By Michael Gilroy, Institute for System Level IntegrationLivingston UKJames Irvine, University of StrathclydeGlasgow UKGideon Riddell, A2E LimitedLivingston UK
As storage requirements and magnetic disk densities increase the need for reliable storage solutions also increase. This IP core, written in Verilog HDL, provides a small and efficient hardware accelerator for performing RAID 6 calculations to provide uninterrupted access to data during both single and double disk failures.
In this paper we describe the implementation and verification of a RAID 6 IP block. We present an example system implemented on an FPGA to demonstrate the capabilities of the IP block and verify its operation in hardware.
The digital storage requirements for both consumer and high end systems continue to increase rapidly year on year. This is being driven by the widespread adoption of digital TV, photography music etc., plus increased legislation on business to retain data over longer time periods.
Coupled with this increase in storage requirements is the need for ensuring availability and reliability of the data and delivering this at as low a cost as possible. Redundant arrays of independent disks (RAID) have, since the 1980s, provided the means to store and recover lost data efficiently . Of the original RAID levels, RAID 5 provided the optimal solution based upon the cost and reliability for systems with 3 or more hard disk drives.
The performance benefits offered by RAID 5 based solutions are slowly being eroded by the increased risk of data loss due to multiple simultaneous disk errors, be they unrecoverable read errors or disk drive failures (erasures).
In this paper we discuss the limitations of RAID 5, the benefits of adopting RAID 6, present a RAID 6 IP block the verification process, and an example RAID 6 based application.
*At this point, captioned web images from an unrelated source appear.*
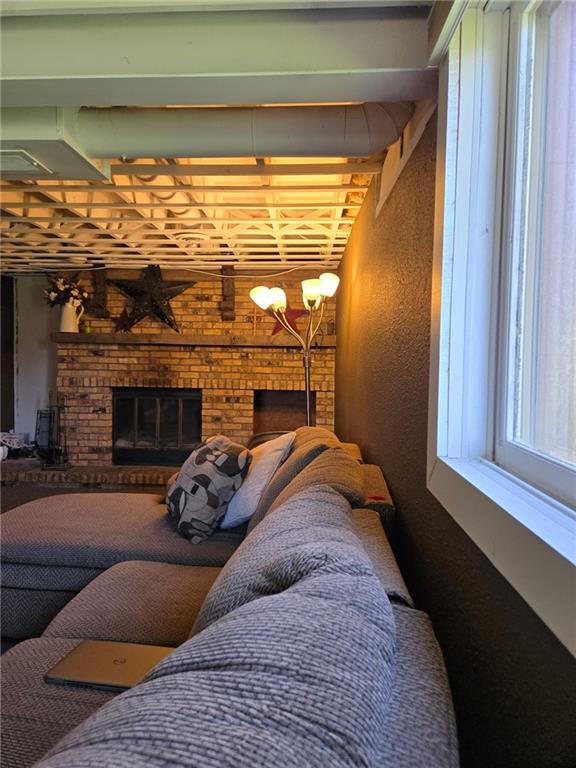 1637 Skeels Ave, Eau Claire, WI 54701 - interior space featuring a textured wall and a fireplace
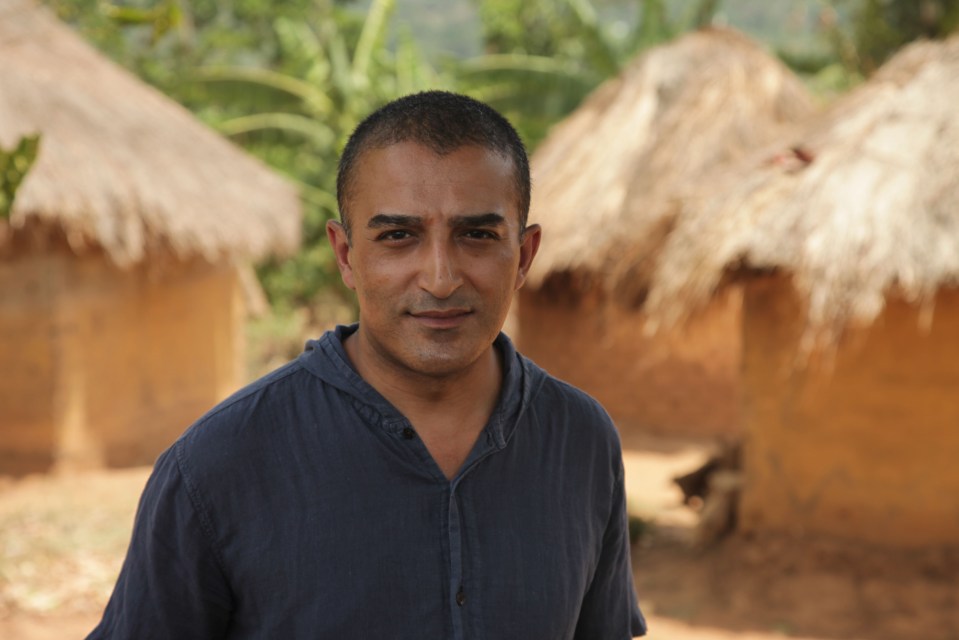 a man in a blue shirt stands in front of a thatched hut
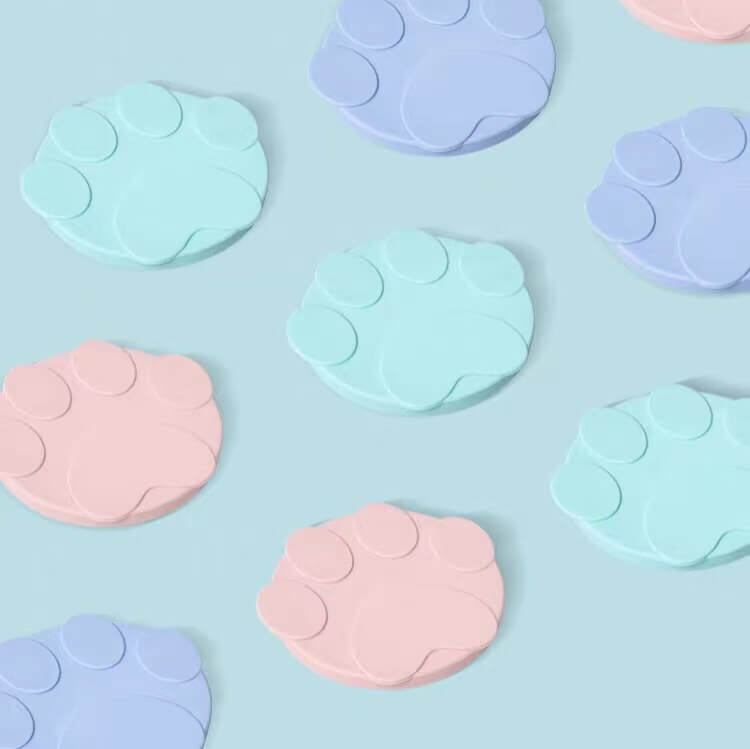 Pastel paw-shaped silicone cat food lids arranged on a blue background
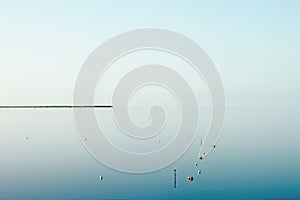 Minimalist view in Florida Keys looking out at the horizon with tiny stip of land and floats in the water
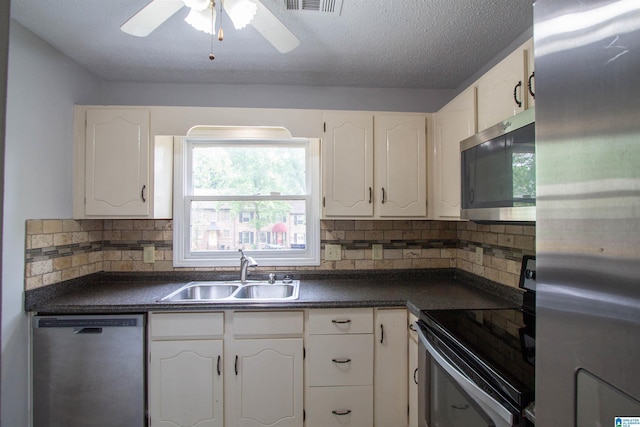 302 Old Rocky Ridge Ln, Birmingham, AL 35216 - kitchen featuring dark countertops, a sink, white cabinets, and stainless steel appliances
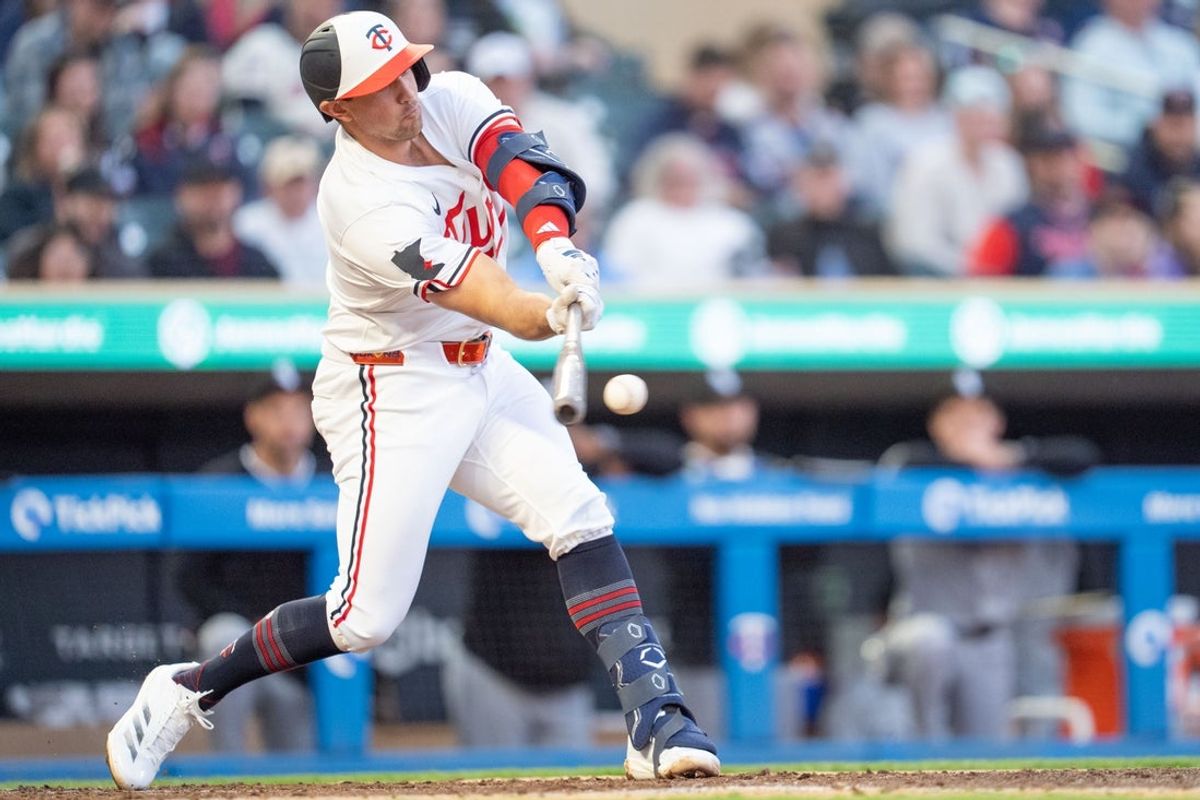 Apr 23, 2025; Minneapolis, Minnesota, USA; Minnesota Twins third base Brooks Lee (2) singles on a ball misplayed by Chicago White Sox shortstop Jacob Amaya (8) in the third inning at Target Field. Mandatory Credit: Matt Blewett-Imagn Images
RAID allows the combination of multiple hard disk drives to provide a combination of one or more of the following characteristics:
- Protection against data loss.
- Provision of real-time data recovery with uninterrupted data access during both drive failure or data recovery.
- Increased system uptime and network availability.
- Multiple drives working in parallel which increases system performance.
Various RAID levels were proposed by Paterson et al in their 1981 paper  describing RAID architectures. Of these, RAID 5 offered the best performance in terms of reliability when compared with the overall system cost, data availability, redundancy overhead and data throughput.
RAID 5 utilises a single redundant disk which contains parity data to allow data recovery for and single disk failure or read error. The parity calculation may be readily implemented in software or in via a simple field of XOR gates in hardware.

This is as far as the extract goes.